Too much information stores up problems

Too much information is as bad as not enough, but this fundamental problem needs a new approach.

There is an unnamed corollary to Moore's Law that while hard disk storage capacity is growing exponentially, the time taken to fill it is a constant. A year ago, I moved from a twenty-gig drive to an eighty: today, it is officially stuffed to the gunwales.

All my life, I've been battling with storage. While I'm still in my thirties the problem has been with us for nearly fifty years, ever since IBM built the 305 RAMAC in 1956. That first hard disk system used fifty 24-inch diameter platters to serve up five megabytes: a quick check on my system shows I have 2,653 files larger than that, and I don't know what most of them are. Progress.

Information technology isn't very good at applying technology to information. It's fantastically good at acquiring data and stuffing it into cubbyholes -- but information is more than bits and bytes. Information is data in context: lose the context, and all you've got is gibberish and a full hard disk.

The problem is universal and has funded Larry Ellison's toy habit for decades. We are trying to force the entire world, with all its complexities and rough edges, into numbers that follow rules and models that match reality. Those with a taste for Borges will feel right at home with this fascinating and important practical and philosophical problem, and as we move our society and economy into the digital age it will become ever more so. I can't wait to see what happens next.

Meanwhile, however, my disk is full.

It is full because I have wholeheartedly subscribed to my role in the digital diaspora and now subsist on a sensorial diet of bits. My physical music collection gathers dust, my video is streamed, my personal and business communications are mediated through email and online voicemail. The stuff comes in at a megabit a second, and it never goes away. To deal with it, I have to know what it is.

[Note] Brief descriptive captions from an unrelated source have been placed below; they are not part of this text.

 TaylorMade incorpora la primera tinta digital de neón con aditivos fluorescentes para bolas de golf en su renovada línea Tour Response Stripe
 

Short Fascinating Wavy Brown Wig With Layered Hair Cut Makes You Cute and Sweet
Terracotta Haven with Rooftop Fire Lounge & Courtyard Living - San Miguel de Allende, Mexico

There is a classic solution to managing information, first proposed by Harvard psychologist George A Miller at around the same time that IBM was building the 305 RAMAC. Called chunking, it's the principle that information can only be managed or communicated -- the two tasks are intimately intertwined -- by breaking it down into small sets of contextually related ideas. Miller looked at short-term human memory, and deduced that people can cope with around seven ideas at once. More than that and they have to throw something away in making a decision. These days, we'd call it cache management. It is a powerful and effective concept, and it has been totally ignored by software designers.

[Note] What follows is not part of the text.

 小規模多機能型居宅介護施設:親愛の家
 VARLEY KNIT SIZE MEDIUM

So what is a data collector to do? My approach to fixing my personal storage crisis is instinctively chunky. First step: work out the classes of file clogging my informational arteries. Temporary files, Zip files, stuff that can be downloaded again, files in formats for applications I no longer have: all can be located across the disk and disposed of without the right of appeal. How do I do this? A mixture of battering Windows' file finder to death and conjuring hand-rolled DOS batch files -- and yes, I know about Perl and refuse to let something that ugly into my psyche. I have problems enough.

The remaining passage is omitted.